The government is stuck in a rut, dependent more than ever on land revenue and taxes of property and share transactions leading to large surpluses which it endeavors to spend in mostly unproductive ways. That is perhaps not surprising given that Leung kept on as his Financial Secretary John Tsang, a bureaucrat with a long history of budgets dominated by knee-jerk measures and devoid of strategic or even tactical thinking.

Faced with a surplus of HK$64 billion for the fiscal year ending March 31, Tsang has increased welfare and health spending significantly, which is badly needed and will be well received. But most of the budget measures to get rid of an embarrassingly large surplus have been one-off tax reliefs which undermine a long expressed desire to have more stable and predictable revenue sources. He is also greatly expanding capital spending which will reach more than HK$80 billion in the coming year, though most of this will go not on improving the quality of life in Hong Kong but in creating new roads, bridges and other heavy infrastructure likely to add to already dire pollution problems. This massive spending is partly justified by creation of "a large number of jobs which are particularly crucial in times of uncertain economic outlook." This is an absurd statement given the shortage of local labor willing to work on heavy construction projects.

Meanwhile improvement in the environment itself gets just HK$15 billion, mostly on a previously announced plan to subsidize the replacement of old diesel engines, despite the crying need for clean-up of the air, and addressing waste disposal and other issues.

Tsang's biggest tax relief is HK$8.4 billion in reduction in rates (a property tax based on nominal rental value). Rates is the most stable and broad based tax in Hong Kong and in principle should be more rather than less important. But dropping it temporarily is an easy way out for a government seemingly incapable of thinking coherently. It should be a base for reforming the tax system, not treated as an optional extra.

Tsang also repeated another give-away intended to make the government popular but which flies in the face of the energy-saving, anti-pollution measures that advanced societies are adopting. Instead, Hong Kong's bureaucratic leaders, stuck in a 1960s world, are to subsidize electricity with a handout to all households costing HK$4.5 billion a year.

All told with increased spending and cuts in revenue, the government is forecasting a small deficit in the coming year - but its forecasts are almost always very conservative and the chances are that revenue will be higher and spending lower than forecast.

The budget speech dwelled much on Hong Kong's aging population and the future demands that would place on health and welfare resources - all true enough.
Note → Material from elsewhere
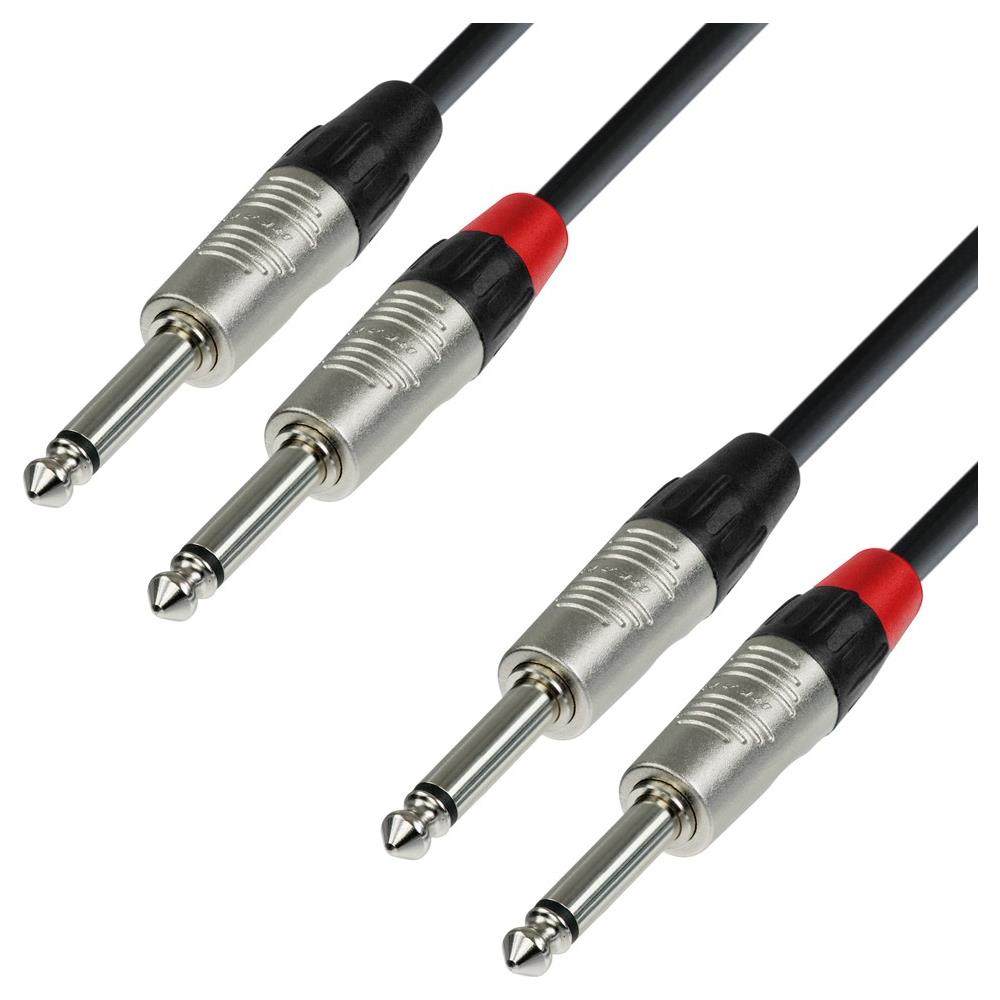 K4 TPP 0150 1.5m 2 x 6.35mm TRS 2 x 6.35mm TRS Nero, Argento cavo audio - Foto 1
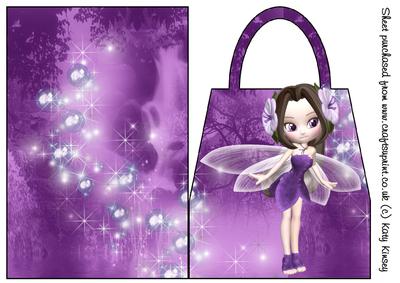 Violet Fairy Handbag Card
But there was nothing to help most young families: the middle and upper income groups get bigger tax allowances for children and education, but the majority got nothing. Nor was there any support for nursery and pre-schools - free in most developed countries which have replacement level fertility rates.

The government continues to claim that it is trying to stabilize property prices, recently introducing new taxes and controls on foreign and short-term purchase - though these probably only reduce transactions rather than prices. But anyway the budget projections show that the government expects revenue from land sales and premia on change of land use to continue to increase. There can be no stabilization of property prices unless interest rates rise or the government, which controls most land and determines land premia, is willing to see significant drops in and values. In reality it is not, partly because it is hooked on land revenue drug, and its multiple property owning leaders and civil servants like it that way.

In short, Hong Kong's 2013-14 budget is a depressing example of the lack of new ideas by officials to address today's issues. At the same time it betrays the growing tendency to want to meddle in areas which should be left to the private sector, offering little subsidies here and there, even claiming credit for the success of Hong Kong as a design and architecture hub, and creating more jobs for officials in bodies such as the government-owned HK Mortgage Corporation, a superfluous part of the financial system.